国内メーカー 採用しているスマートテレビサービス
東芝 ヤフーコネクトテレビ
三洋電機 VUDUのサービスとアップス活用開始
三菱電機 ストリームテレビ(100個のアップス)
パナソニック ビエラキャスト
シャープ アクオスネット(多数のアップス)
米国メーカー 採用しているスマートテレビサービス
ビジオ ビジオインターネットアップス(ヤフーコネクトテレビ)
韓国メーカー 採用しているスマートテレビサービス
サムソン電子 インターネット@TV(ヤフーコネクトテレビ)
LG電子 ネットキャスト(ヤフーコネクトテレビ)
欧州メーカー 採用しているスマートテレビサービス
フィリップス ネットテレビ

 ご存じでしたか。ソニーだけではなく、ほかの日本メーカーも完全に日本を気に留めていない状況です。それは日本市場に先進的サービスへの先駆的な市場性がないと判断したからでしょう。

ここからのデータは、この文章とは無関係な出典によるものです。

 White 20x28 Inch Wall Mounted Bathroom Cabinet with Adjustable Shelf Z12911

 欧米市場を立ち上げれば、確実に日本は「物まねフォローする」という判断ですね。スマートテレビで日本を後進市場とみなすということは、日本はインターネットでも遅れているという意味でもあります。なぜならば、USTREAMなどで立ち上がった「ソーシャル視聴」がテレビに広がらない、ネットで閉じた閉鎖的な縦割文化が日本社会だと見ているからでしょう。欧米ではソーシャル視聴はネットだけのものではなく、スマートテレビ用アップスのキラーアプリの1つに考えられています。

スマートテレビ戦国時代の始まり

 約1000年前に貴族政治に反対して武士の世を作り上げた鎌倉幕府はよく知られています。しかし戦いの最初の狼煙を挙げたのは、平家に仕える三位源頼政でした。この平治の乱により全国の源氏が立ち上がりました。その中に信州の木曾義仲や伊豆の源頼朝がいたのです。

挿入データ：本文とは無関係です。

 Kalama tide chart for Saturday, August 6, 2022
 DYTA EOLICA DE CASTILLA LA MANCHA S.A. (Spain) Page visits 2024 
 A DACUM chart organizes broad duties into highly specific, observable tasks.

 さて、すでに各地の源氏はスマートテレビへの準備を整えています。最初に狼煙を挙げたのは、Apple TV改訂版とGoogle TVでした。テレビの世界でアンドロイドのようなオープンソースの強さやアップスの有効性が問われるわけですね。PopBox、Boxee Boxといったベンチャー企業や、有料テレビの仇役としてにらまれているNetflixなども源氏陣営に加わります。

 それに対して、平氏(テレビメーカー)は、それぞれが組み手を決めて準備を整えています。

 このように、すでに米国というグローバル共和国の首都においては戦いが始まっており、2010年秋からは、いよいよ本格的なスマートテレビ戦国時代に突入します。

 そして2011年春にもグローバル共和国の辺境である、スマートテレビ後進国の日本での戦いが始まります。iPadはコンテンツで書籍業界がかかわったとはいえ、まだまだ新規領域の戦いでした。しかしスマートテレビは既存のテレビメーカー、テレビ業界という、いわば倒幕がかかわります。

 書籍業界の次は確実に放送業界でしょう。そして戦いの大変さはUSTREAMの比ではないでしょう。逆黒船である青い眼のソニーが担ぐGoogle TVは、太平の眠りにつく日本国内にどんな影響を与えるのでしょうか。楽しみですね。